You’ve got a sick inventory now, and we can get started on preserving those bits. Owens suggests running a fixity check to take stock of each digital object at the start, and then moving on to making copies. Both Owens and the NDSA indicate that it’s generally best practice to keep at least 2-3 copies, and to store those copies each in different ways and locations, so that each copy faces a different type of disaster risk. How do you do that though? Actually, a lot of institutions collaboratively form “consortia” like MetaArchive and Data-Pass where “one institution [hosts] a staging server, to which the other partner institutions transfer their digital content.” (From Theory to Action) So multiple organizations can help each other out with storing their digital content. Sweet. Let’s be friends. (You send them some copies.)

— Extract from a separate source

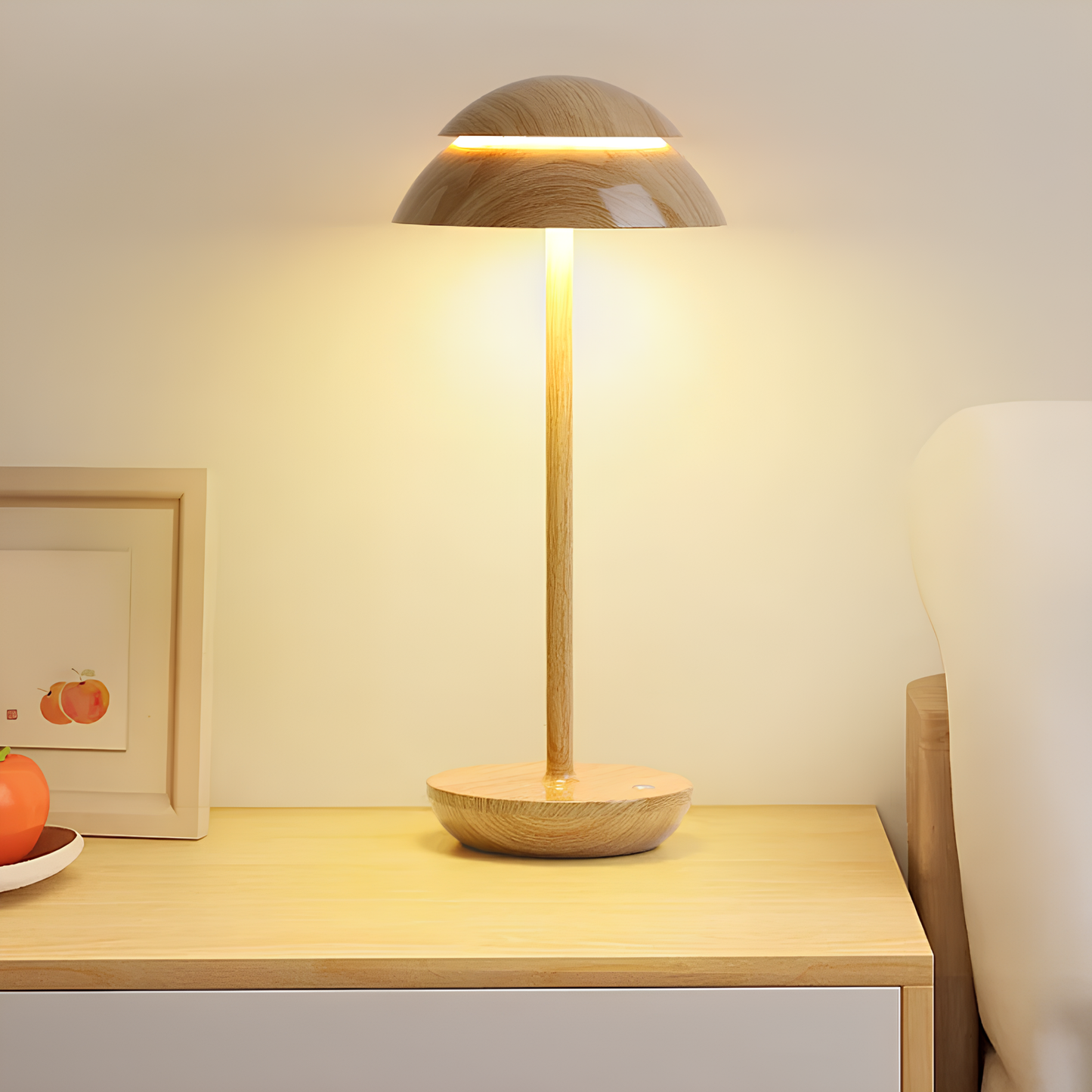 Stilvolle Aluminium-Tischlampe mit Dimmfunktion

Oh, but that first fixity check wasn’t enough. You’re not done now. You just made a bunch of copies of your files and transferred them to your bud to store! Run another fixity check (maybe using a sweet cryptographic hash or checksum) to make sure that all your files got copied correctly. Any time you make new copies, or transfer those copies you gotta check those files to see if they’re still identical to the originals! Also– it’s probably a good idea to run some fixity checks periodically to make sure everything’s chill.

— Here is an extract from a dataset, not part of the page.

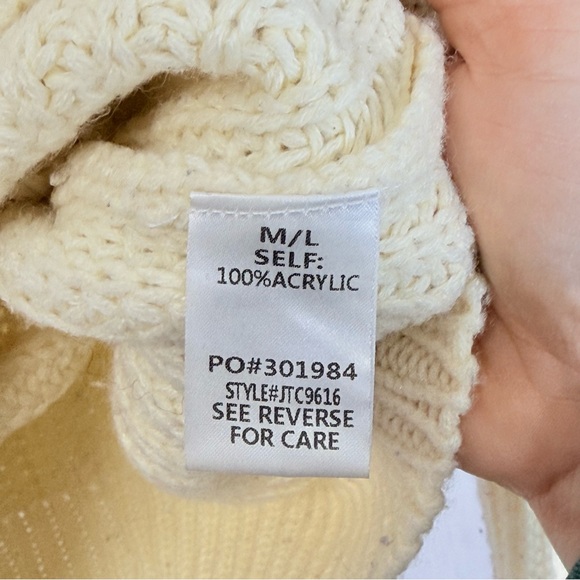 Promesa, Cream Chunky Knit Sweater with Colorful 'FRIYAY'. Size M/L. - Picture 6 of 9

But say— what if everything’s not chill?

You’ve got some numbers that just aren’t adding up, could it be that some of your files got corrupted? You gotta fix those. Using the results of your fixity check you can identify which files aren’t totally correct and try to make new, better copies, or you can attempt to repair the file. “This is done by replacing corrupted data with the distributed, replicated, and verified data held at “mirroring” partner repositories in multi-institutional, collaborative distributed networks. The consortia groups MetaArchive and Data-PASS use LOCKSS (“Lots of Copies Keep Stuff Safe”) for this kind of distributed fixity checking and repair. ” (NDSA Storage Report)

So remember those copies you sent to your friends? Because you have multiple copies of your stuff, you can use those to help fix all your broken ones! Sweet, geographic redundancy really pays off.

Am I done?

NO!

We still gotta think about security and access!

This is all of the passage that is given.